In [7]:
import sys
import importlib
import torch
import pandas as pd
import numpy as np
from sklearn.preprocessing import LabelEncoder
from collections import Counter

# ----------------- Module Import -----------------
subname = "EC_F_PES2UG23CS364_NANDANI_lab3"  # your implementation file name (without .py)
framework = "pytorch"                 # pytorch or sklearn

try:
    mymodule = importlib.import_module(subname)
except Exception as e:
    print(f"❌ Error importing module '{subname}': {e}")
    sys.exit()

# Required functions from your module
get_selected_attribute = mymodule.get_selected_attribute
get_information_gain = mymodule.get_information_gain
get_avg_info_of_attribute = mymodule.get_avg_info_of_attribute
get_entropy_of_dataset = mymodule.get_entropy_of_dataset

# ----------------- Helper Functions -----------------
def calculate_accuracy(y_true, y_pred):
    if isinstance(y_true, torch.Tensor): y_true = y_true.numpy()
    if isinstance(y_pred, torch.Tensor): y_pred = y_pred.numpy()
    valid_mask = np.array([p is not None for p in y_pred])
    y_true, y_pred = y_true[valid_mask], np.array(y_pred)[valid_mask]
    return np.sum(y_true == y_pred) / len(y_true) if len(y_true) > 0 else 0.0

def calculate_precision_recall_f1(y_true, y_pred, average='weighted'):
    if isinstance(y_true, torch.Tensor): y_true = y_true.numpy()
    if isinstance(y_pred, torch.Tensor): y_pred = y_pred.numpy()
    valid_mask = np.array([p is not None for p in y_pred])
    y_true, y_pred = y_true[valid_mask], np.array(y_pred)[valid_mask]
    classes = np.unique(np.concatenate([y_true, y_pred]))
    precisions, recalls, f1s, supports = [], [], [], []
    for cls in classes:
        tp = np.sum((y_true == cls) & (y_pred == cls))
        fp = np.sum((y_true != cls) & (y_pred == cls))
        fn = np.sum((y_true == cls) & (y_pred != cls))
        precision = tp/(tp+fp) if (tp+fp)>0 else 0
        recall = tp/(tp+fn) if (tp+fn)>0 else 0
        f1 = 2*precision*recall/(precision+recall) if (precision+recall)>0 else 0
        precisions.append(precision); recalls.append(recall); f1s.append(f1); supports.append(np.sum(y_true==cls))
    if average=='weighted':
        total = sum(supports)
        return (sum(p*s for p,s in zip(precisions,supports))/total,
                sum(r*s for r,s in zip(recalls,supports))/total,
                sum(f*s for f,s in zip(f1s,supports))/total)
    else:
        return np.mean(precisions), np.mean(recalls), np.mean(f1s)

def preprocess_data(df):
    df_processed=df.copy(); label_encoders={}
    for col in df_processed.columns:
        le=LabelEncoder(); df_processed[col]=le.fit_transform(df[col]); label_encoders[col]=le
    return df_processed,label_encoders

# ----------------- Prediction Functions (dummy) -----------------
def predict_single_sample(tree, sample, cols):
    # Since we have no tree, predict most common class in last column
    return int(sample[-1])

def predict_batch(tree, data, cols):
    return [predict_single_sample(tree, sample, cols) for sample in data]
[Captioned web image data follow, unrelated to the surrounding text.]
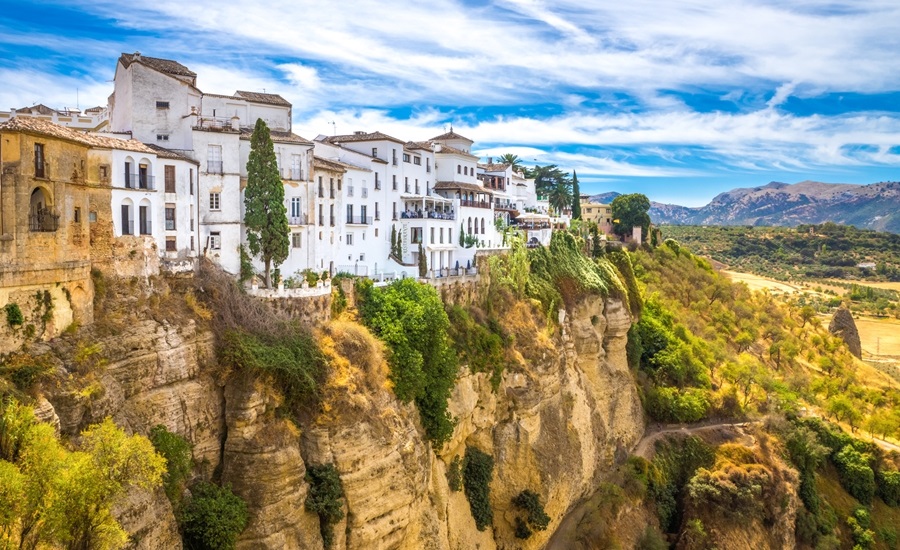 崖の上に建つ建物の写真.Ronda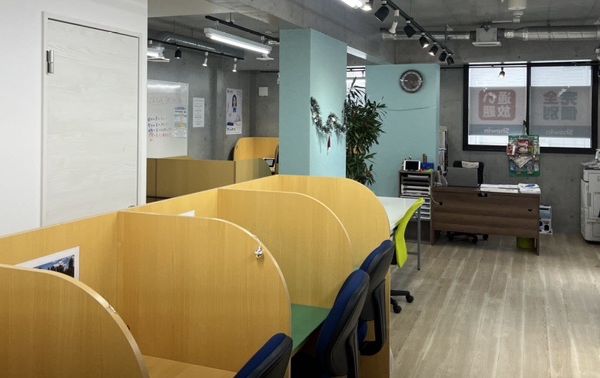 完全個別　松陰塾 鹿児島中山校 の内観画像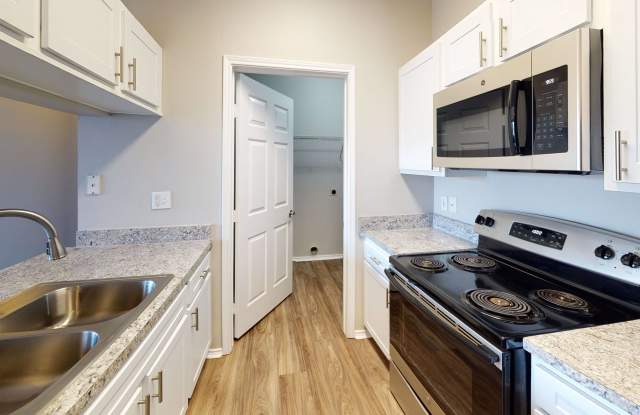 Montclair Parc Apartments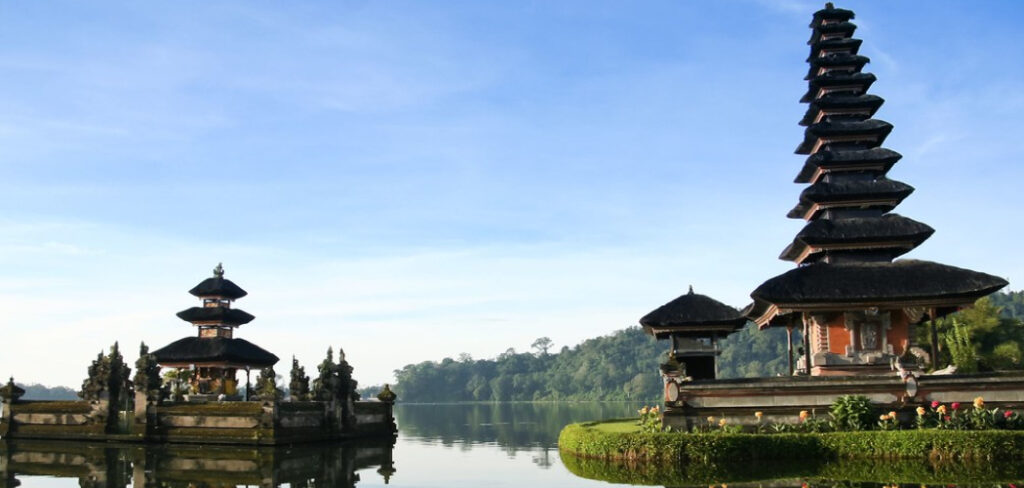 How to Travel in Bali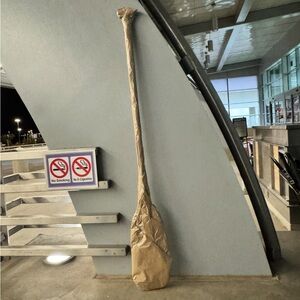 Elegant Brown Wrapped Paddle Art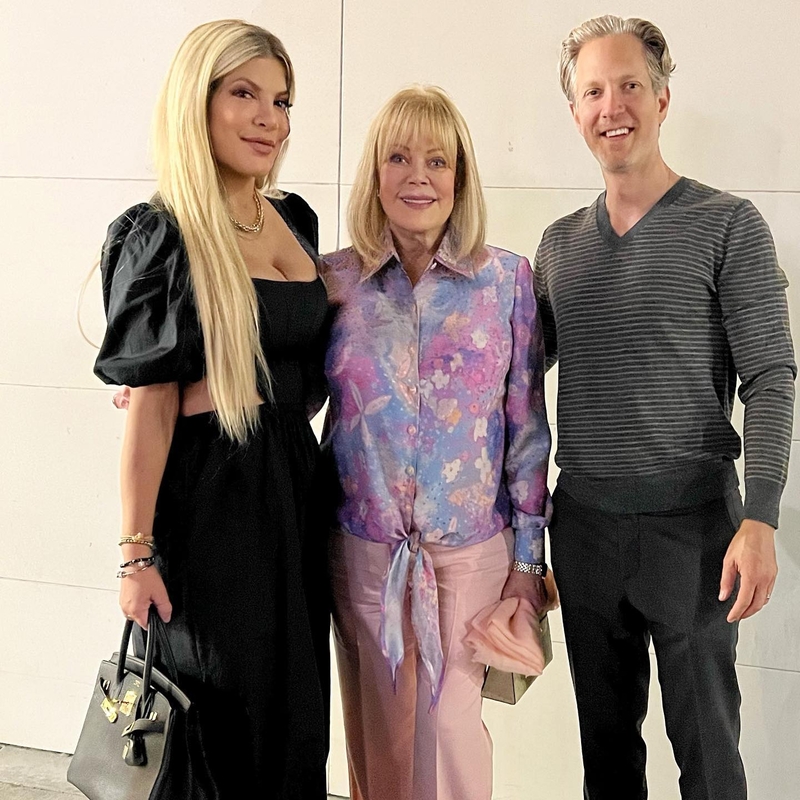 An Unexpected Inheritance | Instagram/@torispelling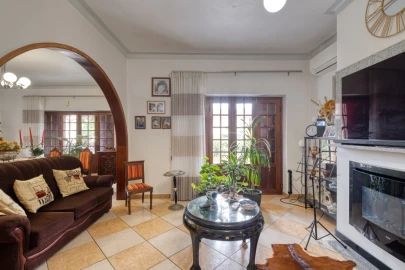 Moradia T4 para Venda em Aguda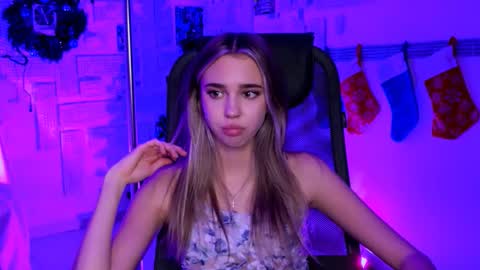 kimporins online show from January 19, 4:33 pm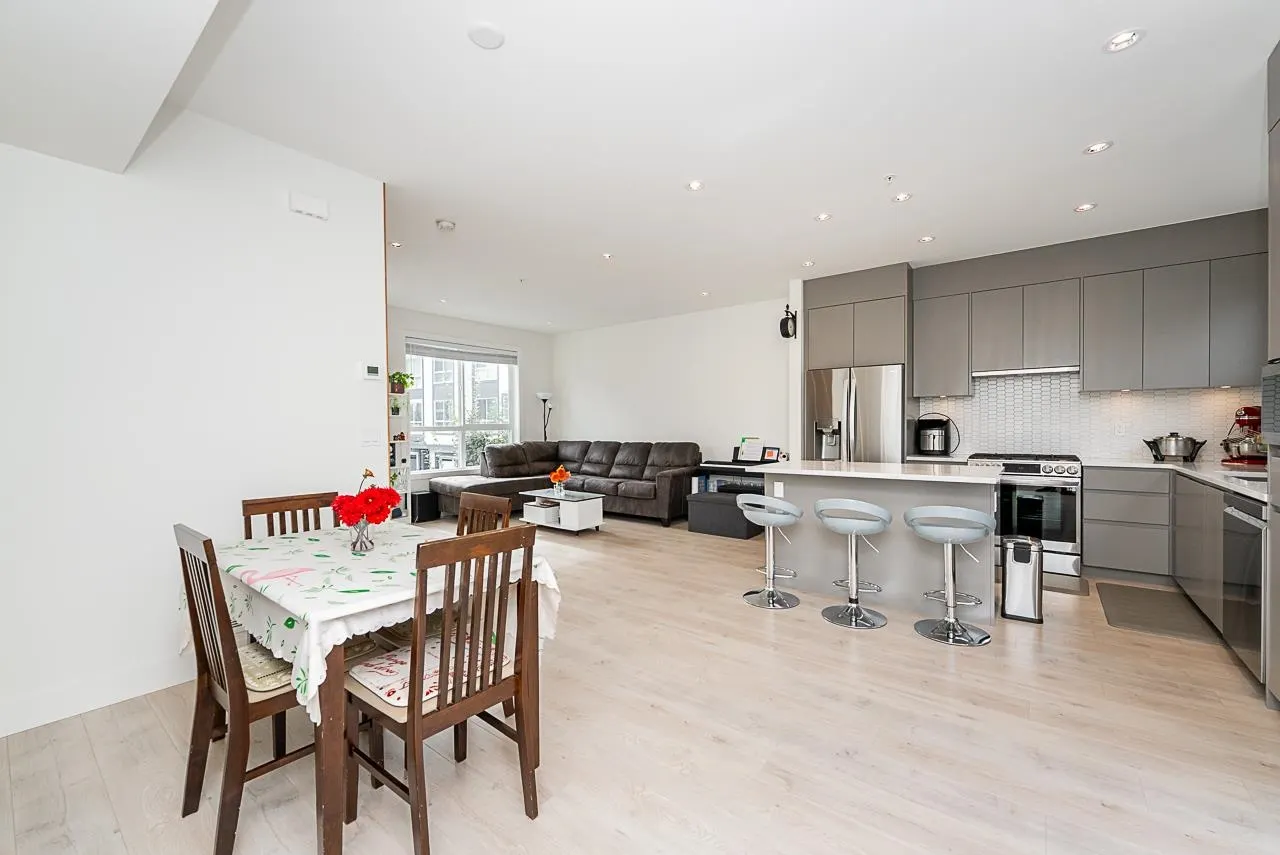 14 23785 Dewdney Trunk Road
def calculate_tree_complexity_metrics(tree):
    # No tree => return dummy metrics
    return {'max_depth':0,'num_nodes':0,'num_leaves':0,'num_internal_nodes':0}

# ----------------- Test Function -----------------
def test_case(data_path):
    df=pd.read_csv(data_path)
    print(f"\n📂 Dataset: {data_path}")
    print(f"Target column: {df.columns[-1]}")
    df_processed,_=preprocess_data(df)
    dataset=torch.tensor(df_processed.values,dtype=torch.float32)
    cols=list(df_processed.columns)

    total=len(dataset); train_size=int(0.8*total)
    torch.manual_seed(42); idx=torch.randperm(total); data_shuffled=dataset[idx]
    train_data,test_data=data_shuffled[:train_size],data_shuffled[train_size:]

    # No tree construction
    tree = None

    # Evaluate
    X_test,y_test=test_data[:,:-1],test_data[:,-1]
    preds=predict_batch(tree,X_test,cols)
    acc=calculate_accuracy(y_test,preds)
    p_w,r_w,f1_w=calculate_precision_recall_f1(y_test,preds,average='weighted')
    p_m,r_m,f1_m=calculate_precision_recall_f1(y_test,preds,average='macro')
    comp=calculate_tree_complexity_metrics(tree)

    print(f"Accuracy: {acc:.4f} ({acc*100:.2f}%)")
    print(f"Precision (weighted): {p_w:.4f} | Recall: {r_w:.4f} | F1: {f1_w:.4f}")
    print(f"Precision (macro): {p_m:.4f} | Recall: {r_m:.4f} | F1: {f1_m:.4f}")
    print(f"Tree Depth: {comp['max_depth']} | Nodes: {comp['num_nodes']} | Leaves: {comp['num_leaves']}\n")

    return {
        "Dataset": data_path.split("/")[-1],
        "Accuracy": round(acc,4),
        "Precision_w": round(p_w,4),
        "Recall_w": round(r_w,4),
        "F1_w": round(f1_w,4),
        "Depth": comp['max_depth'],
        "Nodes": comp['num_nodes']
    }

# ----------------- Main -----------------
if __name__=="__main__":
    datasets=["/content/mushrooms.csv","/content/tictactoe.csv","/content/Nursery.csv"]
    results=[]
    for d in datasets: results.append(test_case(d))
    print("\n📊 SUMMARY TABLE")
    print(pd.DataFrame(results).to_string(index=False))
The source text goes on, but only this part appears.